All of lore.kernel.org
 help / color / mirror / Atom feed
From: Petr Mladek <pmladek@suse.com>
To: Chris Down <chris@chrisdown.name>
Cc: linux-kernel@vger.kernel.org, Jessica Yu <jeyu@kernel.org>,
	Sergey Senozhatsky <sergey.senozhatsky@gmail.com>,
	John Ogness <john.ogness@linutronix.de>,
	Steven Rostedt <rostedt@goodmis.org>,
	Greg Kroah-Hartman <gregkh@linuxfoundation.org>,
	Johannes Weiner <hannes@cmpxchg.org>,
	Kees Cook <keescook@chromium.org>,
	Andy Shevchenko <andriy.shevchenko@linux.intel.com>,
	Rasmus Villemoes <linux@rasmusvillemoes.dk>,
	kernel-team@fb.com
Subject: Re: [PATCH v6 3/4] printk: Userspace format indexing support
Date: Tue, 25 May 2021 17:06:46 +0200	[thread overview]
Message-ID: <YK0ShqdTSVTYXGPF@alley> (raw)
In-Reply-To: <05d25c65d3f5149c1e8537f74041a7a46bd489d6.1621338324.git.chris@chrisdown.name>

On Tue 2021-05-18 13:00:43, Chris Down wrote:
> We have a number of systems industry-wide that have a subset of their
> functionality that works as follows:
> 
> 1. Receive a message from local kmsg, serial console, or netconsole;
> 2. Apply a set of rules to classify the message;
> 3. Do something based on this classification (like scheduling a
>    remediation for the machine), rinse, and repeat.
> 
> This provides a solution to the issue of silently changed or deleted
> printks: we record pointers to all printk format strings known at
> compile time into a new .printk_index section, both in vmlinux and
> modules. At runtime, this can then be iterated by looking at
> <debugfs>/printk/index/<module>, which emits the following format, both
> readable by humans and able to be parsed by machines:
> 
> diff --git a/include/linux/printk.h b/include/linux/printk.h
> index f589b8b60806..40b97d538e12 100644
> --- a/include/linux/printk.h
> +++ b/include/linux/printk.h
> +#ifdef CONFIG_PRINTK_INDEX
> +struct pi_entry {
> +	const char *fmt;
> +	const char *func;
> +	const char *file;
> +	unsigned int line;
> +
> +	/*
> +	 * While printk and pr_* have the level stored in the string at compile
> +	 * time, some subsystems dynamically add it at runtime through the
> +	 * format string. For these dynamic cases, we allow the subsystem to
> +	 * tell us the level at compile time.
> +	 *
> +	 * NULL indicates that the level, if any, is stored in fmt.
> +	 */
> +	const char *level;
> +
> +	/*
> +	 * The format string before and after the fmt, or at least something
> +	 * that would match whatever it could be.
> +	 */
> +	const char *pre_fmt;
> +	const char *post_fmt;

Are you aware of any subsystem having some extra post_fmt, please?

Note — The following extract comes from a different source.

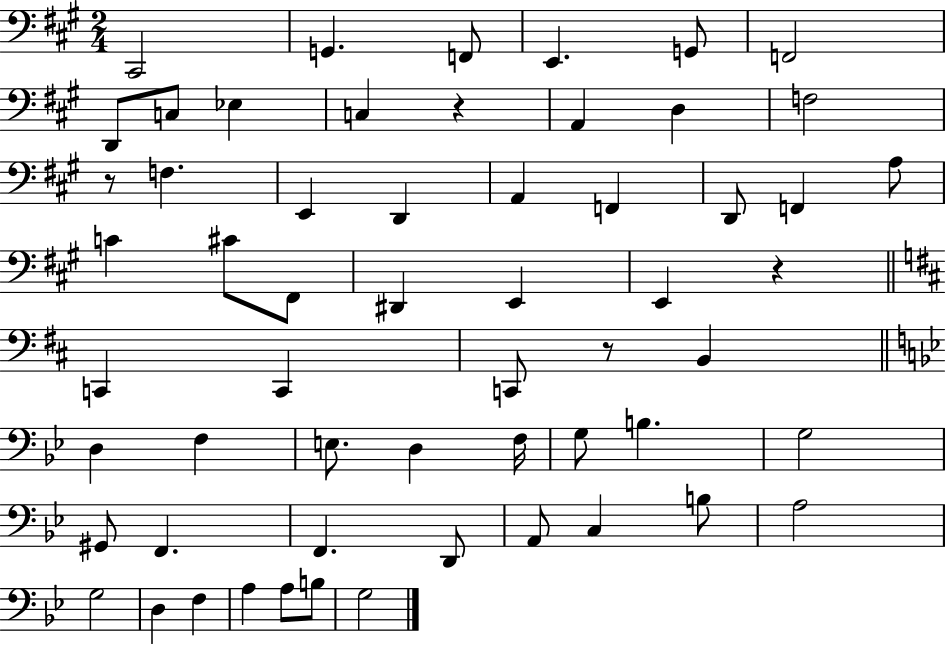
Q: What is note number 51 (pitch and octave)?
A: A3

I think about calling this "subsys_fmt" or "subsys_prefix".

Well, the main question is whether we need to store this
at all. Does it bring any useful information?

Note that we do not store the value defined by pr_fmt() which
is yet another automatically added prefix.

I would personally omit these prefixes. The most important
information is:

  + fmt: is the pattern that the system monitors would most likely
	look for.

  + level: says whether the string will appear on console that
      shows only messages below a certain console_loglevel

  + func, file, line: help to find the string in the kernel sources.
      It is useful when investigating what has changed.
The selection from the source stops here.